I have a 2016 cruze limited and the frist time I drained the trans 5.8 quarts drained out. Frist I put 4 quarts back in shifted through all of the gears and got the trans up to temp and put a total of 4.2 quarts before fluid started dripping from the fill plug. Is this right? After this the trans seems to shift a bit harder. Should I put the rest of the 5.8 quarts i drained out?


----------



## Ma v e n (Oct 8, 2018)

Yes. Why would you not out back what drained out?


----------



## Jpassow2016 (May 30, 2020)

Ma v e n said:


> Yes. Why would you not out back what drained out?


After reading all the post on cruzetalk alot of people said to fill the trans till fluid starts dripping out of the fill plug on the drivers side of the trans while the cars is running. That's what I did 3 times and always ended up pouring in 4.2 quarts. Why would GM over fill the trans by 1.6 quart at the factory?


----------



## Ma v e n (Oct 8, 2018)

It's highly unlikely they did. Of it had been overfilled by 1.6 quarts it would have been venting it out, or churning and aerating it causing shifting issues, vibrations, etc. I've never seen a factory filled unit over filled by more than even a few ounces, let alone almost 2 quarts. I'd highly recommend you get someway to assess you fluid temp and set the fluid level properly. Fluid is meant to be approx 194F(90C) when level is set.


----------



## Jpassow2016 (May 30, 2020)

Ma v e n said:


> It's highly unlikely they did. Of it had been overfilled by 1.6 quarts it would have been venting it out, or churning and aerating it causing shifting issues, vibrations, etc. I've never seen a factory filled unit over filled by more than even a few ounces, let alone almost 2 quarts. I'd highly recommend you get someway to assess you fluid temp and set the fluid level properly. Fluid is meant to be approx 194F(90C) when level is set.

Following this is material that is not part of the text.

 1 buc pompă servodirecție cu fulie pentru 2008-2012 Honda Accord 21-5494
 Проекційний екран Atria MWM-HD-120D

No I hear what you are saying. I do have the scan tool to check the trans temp and everytime I got the trans up to temp and yes 90C I would pour in 4.2 quarts then fluid would start dripping out of the full plug. The three times I have drained the trans and made sure the trans was up to temp everytime I was only able to put in 4.2 quarts till oil started to drip out of the fill plug. Also I have read a post on this site from a amsoil person and he said that 5.6 quarts of fluid came out and refilled the trans at 4.2 quarts. I get that you should measure the amount of fluid that comes out and put the same amount back in but than what is the point of fill plug on the driver side of the trans because that would be wrong right?


----------



## plano-doug (Jul 1, 2015)

Jpassow2016 said:


> I get that you should measure the amount of fluid that comes out and put the same amount back in but than what is the point of fill plug on the driver side of the trans because that would be wrong right?


For my next drain and fill, this thread has made me decide to first open the level check hole (with fluid at temp and car level) to see the pre-drain status. Then do the drain, fill, warm, and top-off.

Doug

.


----------



## Ma v e n (Oct 8, 2018)

I feel the issue may be arising that people are draining it cold and filling it hot? I honestly can't fully understand exactly what's happening or why it's hard. LOL. Drain it cold, put back in what you took out.


----------